Я взялся страстно. Засел в Румянцевском музее за разных гностиков, за Василидов, Валентинов, за словарь Миня, историю Вавилона — и мало ли какой еще премудрости нет в «Искушении»! — хотелось же, переводя любимого писателя, все знать, о чем идет речь. Одновременно читались и другие его вещи — «Бовари», «Саламбо», «Три новеллы»
{78}. Много радостного и прекрасного дал этот роман с Флобером — радость чистейшего искусства, радость учения, общения с великим художником, столь простым, благородным, одиноким.
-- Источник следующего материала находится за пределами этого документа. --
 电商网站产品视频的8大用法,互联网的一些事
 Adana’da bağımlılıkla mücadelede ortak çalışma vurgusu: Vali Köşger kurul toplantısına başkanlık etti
Среди зимы удавалось закатываться недели на три в деревню, в каширское Притыкино, и в отцовском доме невозбранно трудиться над флоберовским словом. Окно небольшой комнаты с ковром по стене над тахтой, с рогами и ружьями на них, голландской печью, всегда жарко натопленной, выходило на открытый балкон. Летом он тонул в жасмине. Теперь, в декабрьские дни, метель завивала по нем белые змеи, он весь в тумане, на стекле окошка налипли снежные узоры, иглы, звезды, фантазии не хуже таинственных стран Флобера. За небольшим столом бился некто над трудными местами мастера, искал, вставал, ходил… Метель трясла немолодую крышу дома, дергала ставни. Из окна тянуло холодом. Ритмическою прозой надо было описывать Царицу Савскую, Византию, Рим, Египет. (Особенно хотелось передать звучание флоберовской прозы, ее музыку. На этом пути случалось пускаться и в сомнительные предприятия, чрезмерно напрягая язык.)Поддерживало то, что сам Флобер писал мучительно. Борьба, погоня его за словом (или фразой) были изумительны. Прелестны его художнические бдения в Круассэ, в одиночестве, манера самому себе вслух читать написанное… Иногда ночью я просыпался, под тот же зимний, пустынный ветер, и в ужасе вскакивал с тахты: зажигал свечку, как гимназист, недоучивший урок, бежал к столу, смотрел в рукописи — вдруг да ошибся на такой-то строчке!
Работа шла медленно. Заняла не менее года. Раза три перевод переписывался. Весь был испещрен поправками, вставками, зачеркнутыми словами.